Avant les Geishas, il y avait les Oiran

22 Nov 2019


Si les geishas sont désormais symboles de savoir faire et d’élégance, elles sont en vérité devenues populaires pour l’inverse, c’est à dire pour être moins raffinées, portant des vêtements et ornements moins ostentatoires et donc pratiquant des prix moins chers que leurs consoeurs de l’époque, les Oiran.

Ces dernières apparurent au début de l’ère Edo, au XVIIème siècle, quand il fût décidé que les quartiers des plaisirs devraient être éloignés des villes, emmurés pour délimiter leur existence. Très vite s’y développa une culture propre à ces lieux qui, coupés de l’évolution de la ville, les femmes y travaillant ne pouvant notamment ni en sortir ni s’en échapper, imitait la cour de l’époque de manière décadente, et proposait toutes sortes de divertissements en plus de ceux des plaisirs de la chaire. 
Yoshiwara, le quartier des plaisirs de Tokyo, vers 1872
 
Dans ces fameux quartiers appelés yūkaku, une forte hiérarchie était alors en place; les “simples” prostituées étant mise en vitrine, au rez de chaussée des maisons pour que les clients puissent les choisir facilement. Mais les Oiran, étant au sommet de cette pyramide, n’étaient en général disponible que sur rendez-vous et se permettaient même de refuser certains clients. De plus en plus riches, de plus en plus renommées et de plus en plus en vogue, les Oiran développèrent un style vestimentaire flamboyant allié à un langage de cour qui ne se parlait parfois même plus en ville.

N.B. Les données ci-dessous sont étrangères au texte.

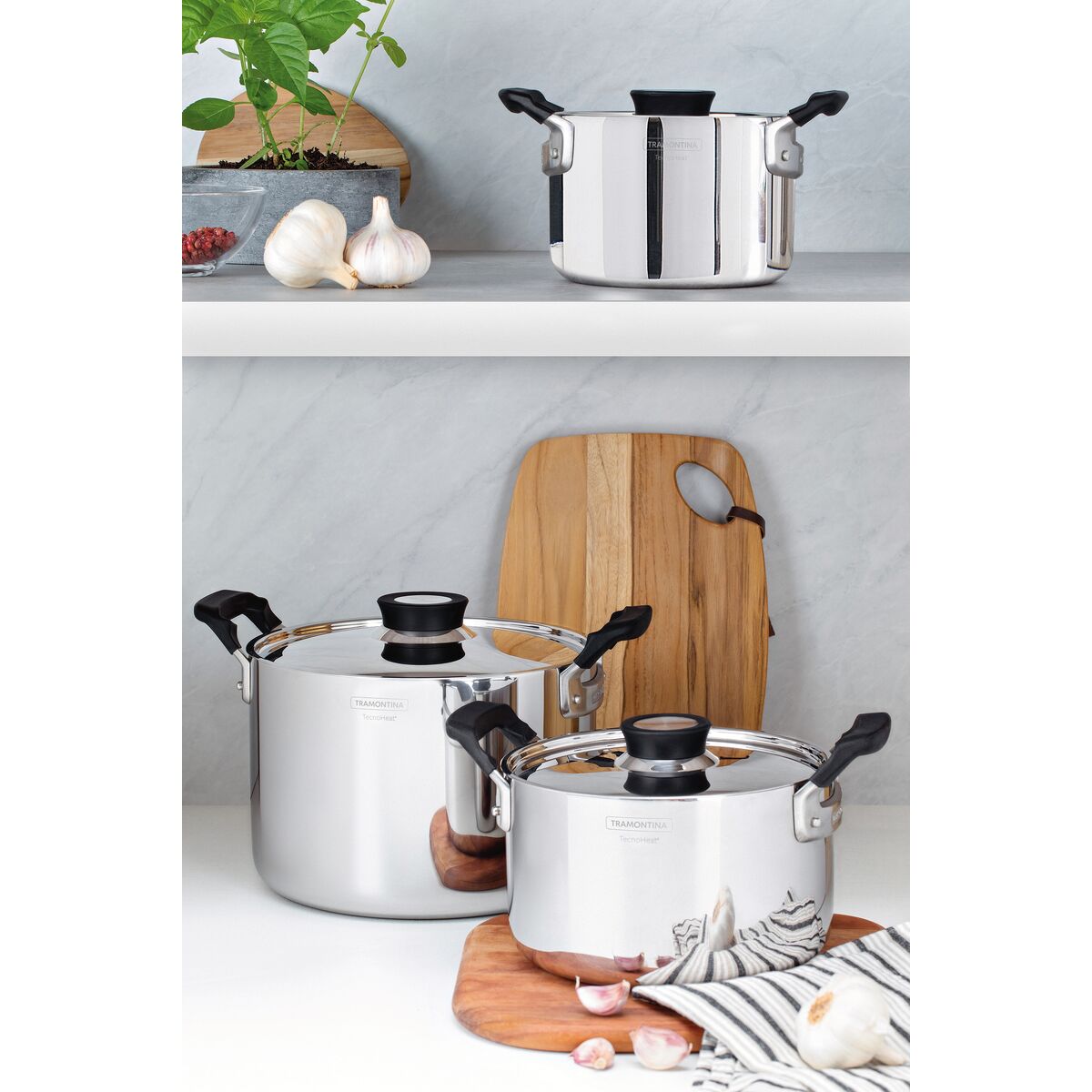 Tramontina TecnoHeat, Tramontina lonci, set inox lonaca, inox lonci s poklopcem, Made in Brazil, brazilski lonci, inox posuđe, set posuđa, lonci za indukciju, indukcijski lonci, lonci za plin, lonci za električni štednjak, lonci za staklokeramiku, troslojno dno, tri ply dno, inox kuhinjsko posuđe, kvalitetni lonci, profesionalni lonci, premium inox posuđe, kuhinjski lonci, set od 3 lonca, Tramontina Hrvatska, inox lonac s poklopcem, moderno posuđe, posuđe za kuhanje, dugotrajni lonci, energetski učinkovito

Véritables artistes polymorphes, on attendait d’elles qu’elles fussent autant capables dans l'art de l'Ikebana (composition florale traditionnelle) qu’en cérémonie du thé ou encore en calligraphie, jouer de la musique étant bien sûr une qualité supplémentaire très appréciée.
Une "vitrine" à Yoshiwara

Réputées à travers le pays pour leur beauté, leur extravagance et leur goût, il était organisé chaque année un festival à différents endroits, nommé Oiran Dochu, que l’on pourrait aujourd’hui presque qualifier de défilé durant lequel elles exécutaient une marche lente et performative en traversant la ville, suivies de leurs servantes appelées kamuro. Ces évènements étaient largement regardés et participaient notamment à définir la mode et le bon goût de l’époque. Aujourd’hui encore, on trouve quelques festivals reproduisant cette marche à travers le Japon, l’un des plus célèbres étant celui de Tsubame, dans la préfecture de Niigata, mais aussi dans la grande ville de Nagoya ou encore à Tokyo.

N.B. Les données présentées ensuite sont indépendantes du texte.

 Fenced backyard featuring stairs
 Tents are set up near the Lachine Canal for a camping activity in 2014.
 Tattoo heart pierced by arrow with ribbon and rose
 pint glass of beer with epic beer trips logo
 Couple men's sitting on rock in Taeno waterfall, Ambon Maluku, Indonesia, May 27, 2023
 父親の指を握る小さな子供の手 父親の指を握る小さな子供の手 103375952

Oiran Dochu à Susukino ©Miki Yoshihito sous licence CC 2.0
 
Aussi romanesque que leur histoire puisse paraître jusqu’ici, leur déclin, annoncé par la montée en popularité des geishas moins chères et donc plus accessibles, mais aussi habillées de façons plus simples et correspondant donc mieux à l’évolution des goûts japonais de l’époque, fût tout aussi dramatique que leur histoire. Parmi ces fameux quartiers des plaisirs, l’un des plus célèbres était sans étonnement celui de Tokyo, appelait Yoshiwara. De même que les autres quartiers des plaisirs, ce dernier était délimité par des murailles qui en limitait l’accès, et rendait presque impossible de s’en échapper.

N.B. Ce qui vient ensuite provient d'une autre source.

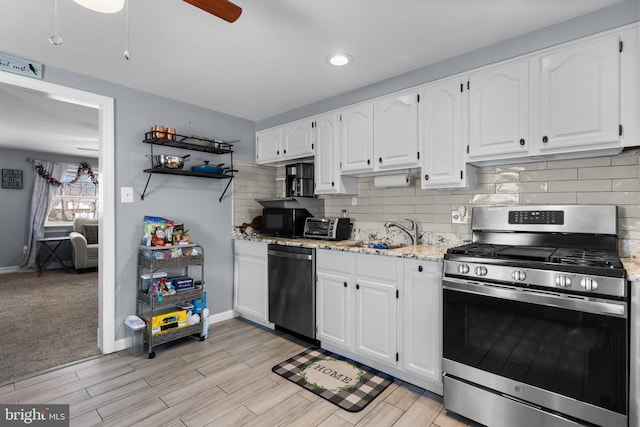 kitchen featuring a sink, white cabinets, light stone countertops, and stainless steel appliances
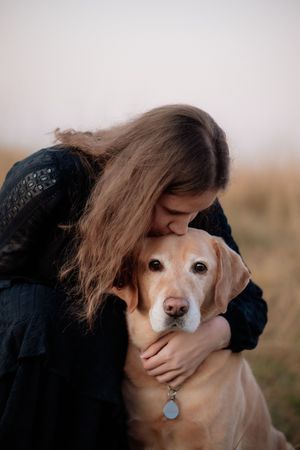 A young woman in a black dress tenderly kisses her golden Labrador dog outdoors in a field.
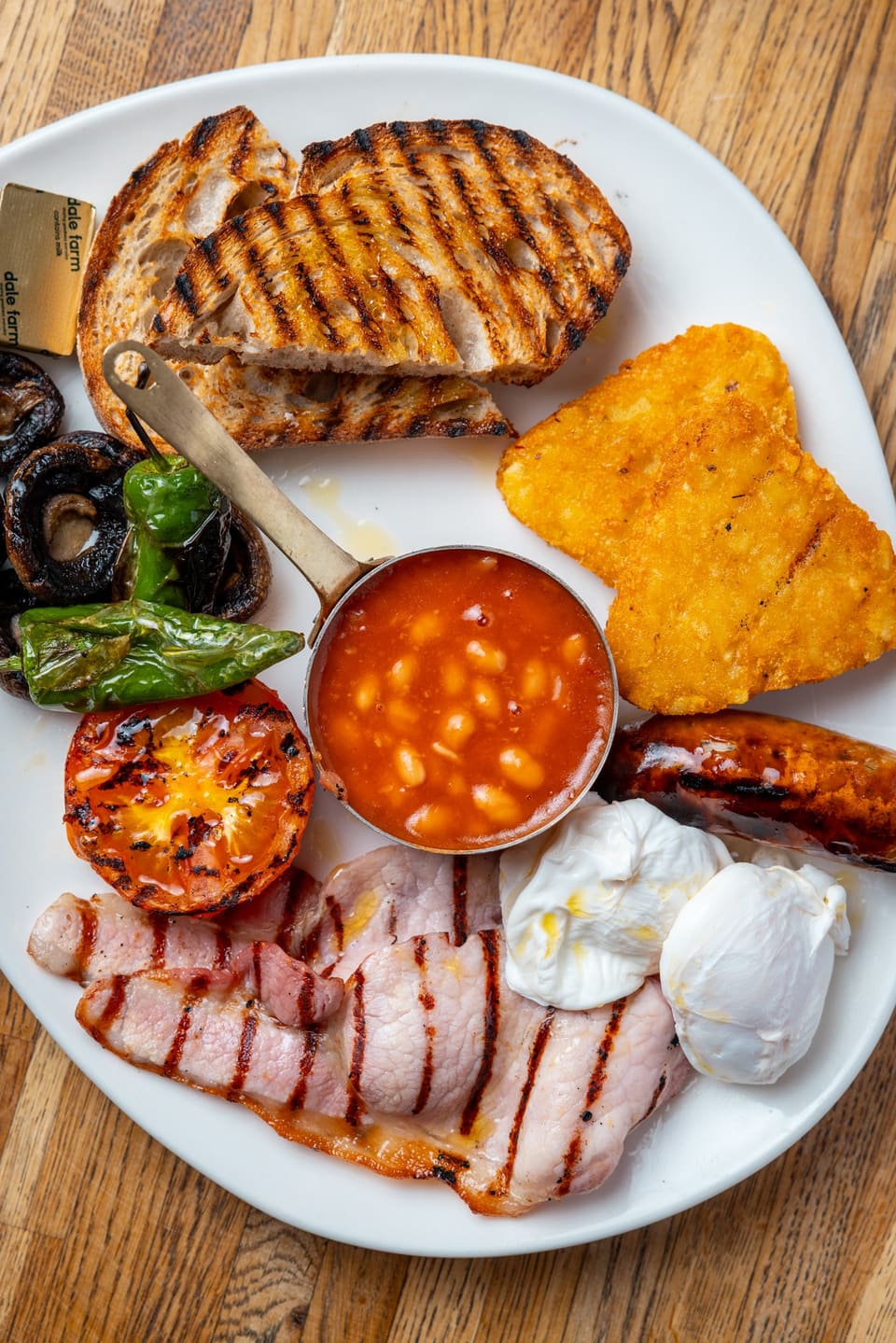 A Full English breakfast with bacon, hash brown, beans in a copper pot and poached eggs
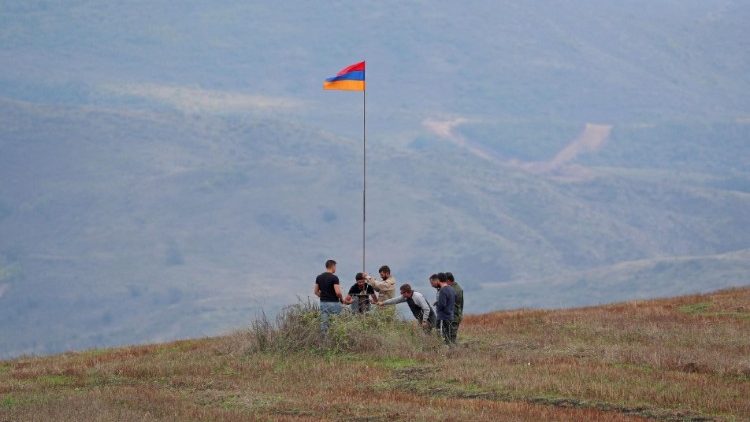 Men install an Armenian flag next to a checkpoint on the road leading to Nagorno-Karabakh near Kornidzor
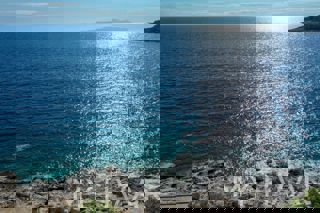 Terreno edificabile a Milna - Prima fila al mare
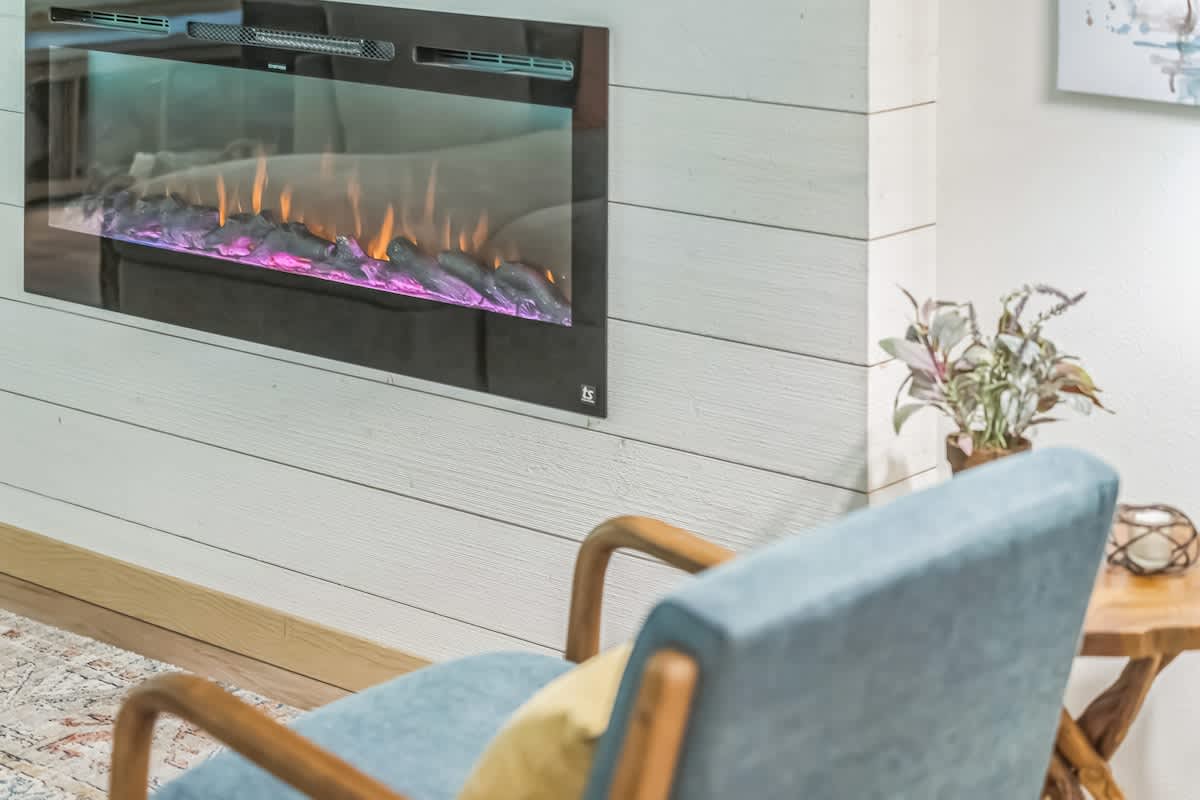 A modern electric fireplace with vibrant, colorful flames is mounted on a white shiplap accent wall, creating a cozy focal point. A light blue armchair with wooden arms and a small rustic wooden side table with a plant are visible in the foreground.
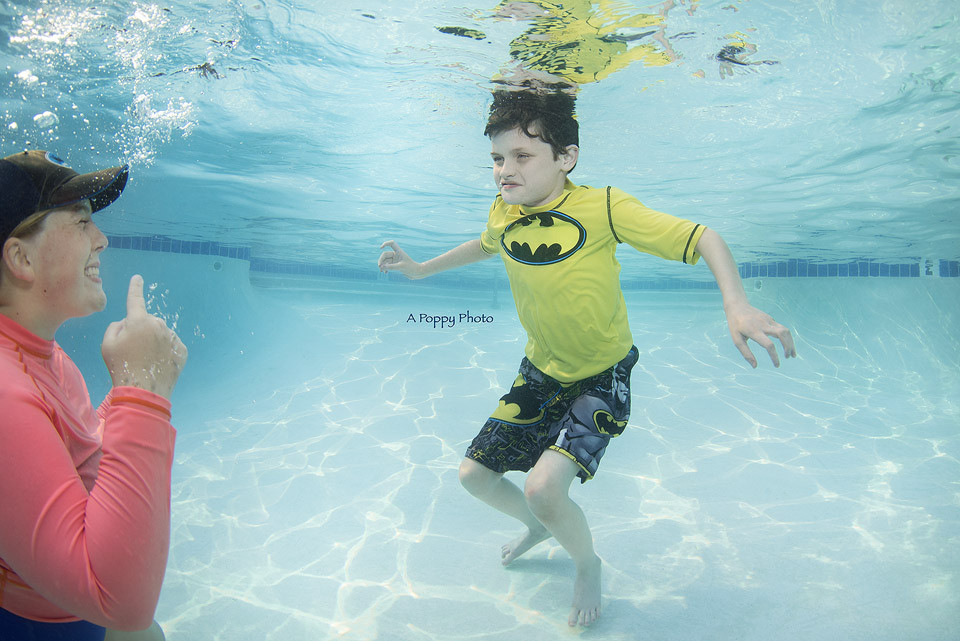 Underwater photography image of a swim instructor showing a child in a batman swimsuit how to smile underwater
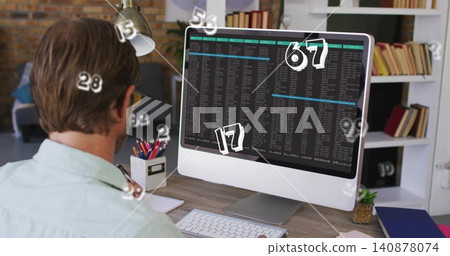 Typing man in shirt, wearing glasses at home desk, checking monitor with white numbers, copy space Typing man in shirt, wearing glasses at home desk, checking monitor with white numbers, copy space 140878074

Or, en 1923, lors du grand tremblement de terre du Kanto, un incendie se déclara, provoquant la mort d’un grand nombre des travailleurs de Yoshiwara et ravageant presque entièrement le lieu, la porte du quartier ne s’étant ouverte que trop tard et rendant presque impossible de réussir à s’enfuir.  Malgré cela, et bien que les geishas soient entre temps devenues bien plus populaires que les Oiran, elles continuèrent d’exercer jusque dans les années 50, bien que leur luxurieuse toilette soit devenue assez mal vu avec la misère qui accompagna l’après guerre.
Mais les régulations sur la prostitution des années 50 finirent d’éteindre leur art, signant la fin d’une culture mourante depuis bien longtemps déjà, et qui avait quelques centaines d’années d’histoire.
Les Oiran, et notamment le quartier de Yoshiwara firent évidemment fleurir l’imaginaire contemporain puisqu’on trouve de nombreux films y faisant référence comme celui du célèbre réalisateur japonais Kenji Mizoguchi, La rue de la honte (1956) qui se situe à la toute fin de l’activité du quartier, pendant que le gouvernement débat du statut de la prostitution, ou encore Tokyo Bordello (1987) et plus récemment Sakuran (2007), qui décrit l'ascension d’une jeune fille vendue par son père au quartier des plaisirs et qui progressivement deviendra une très respectée Oiran. De bonnes références pour tous ceux qui voudraient en savoir plus sur les Oiran ou Yoshiwara!